Every picture should be left out, but the lines below must be repeated exactly.

═════ Task data ═════

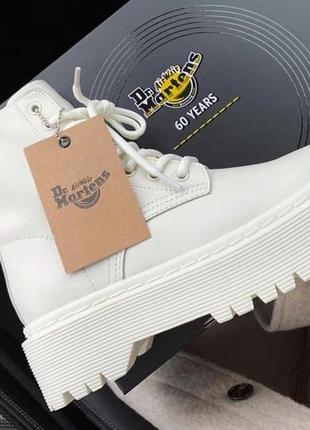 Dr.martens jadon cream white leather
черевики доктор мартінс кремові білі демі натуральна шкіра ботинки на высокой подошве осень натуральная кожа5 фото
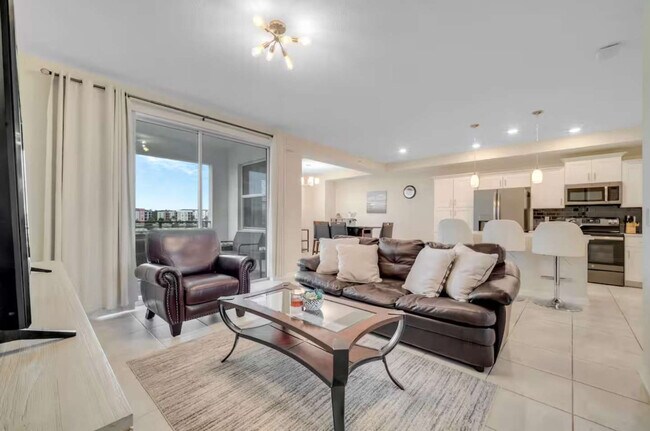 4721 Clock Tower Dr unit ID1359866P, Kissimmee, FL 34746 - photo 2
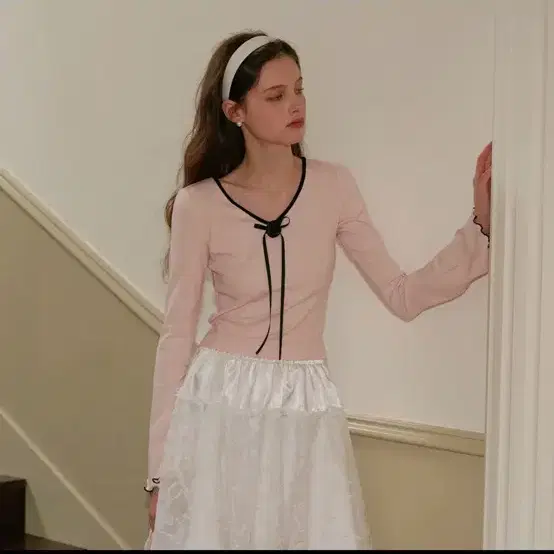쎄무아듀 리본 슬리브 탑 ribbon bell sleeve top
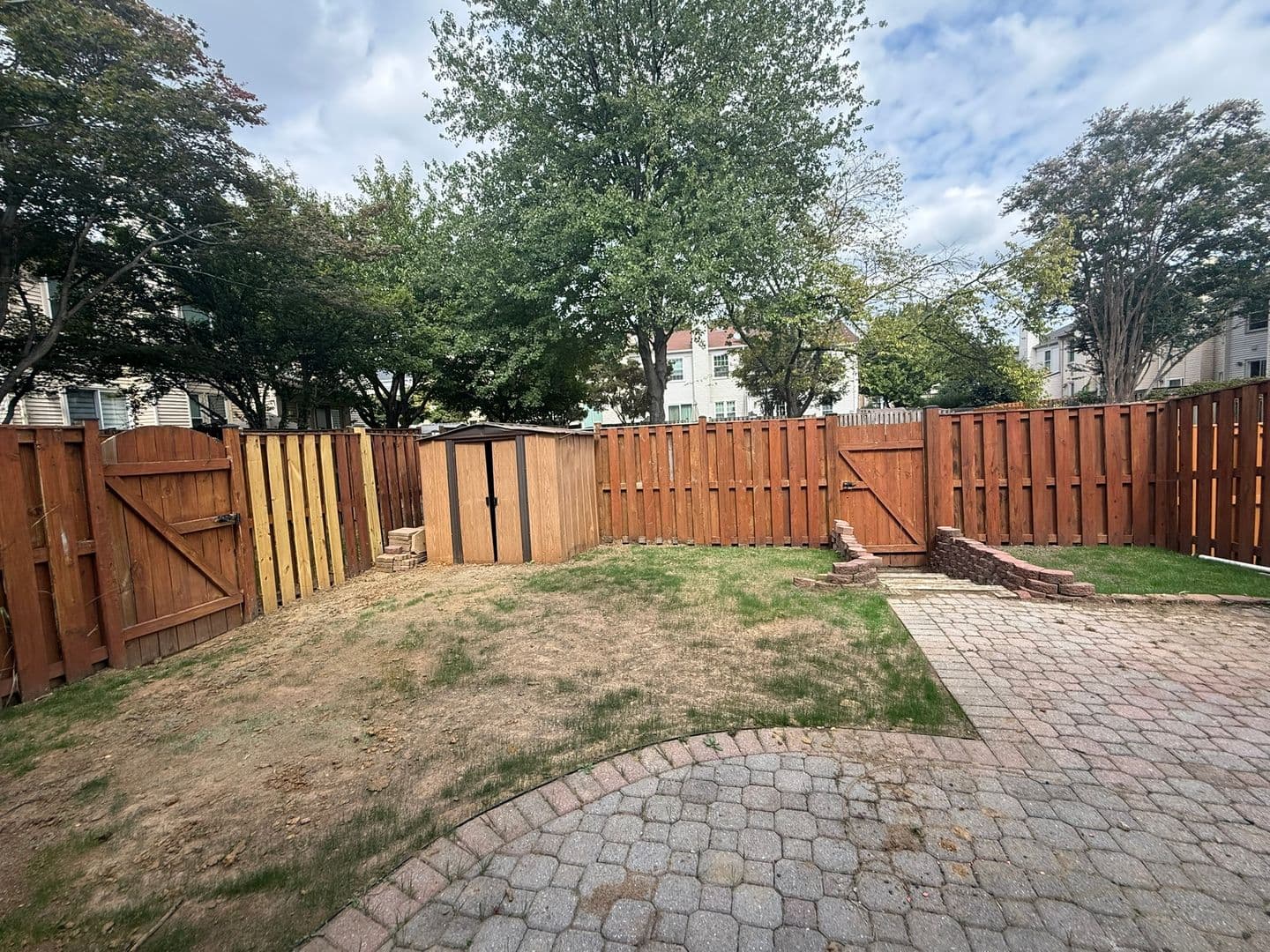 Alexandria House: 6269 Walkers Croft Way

═════

**Output for this exercise:**
 Dr.martens jadon cream white leather
черевики доктор мартінс кремові білі демі натуральна шкіра ботинки на высокой подошве осень натуральная кожа5 фото
 4721 Clock Tower Dr unit ID1359866P, Kissimmee, FL 34746 - photo 2
쎄무아듀 리본 슬리브 탑 ribbon bell sleeve top
 Alexandria House: 6269 Walkers Croft Way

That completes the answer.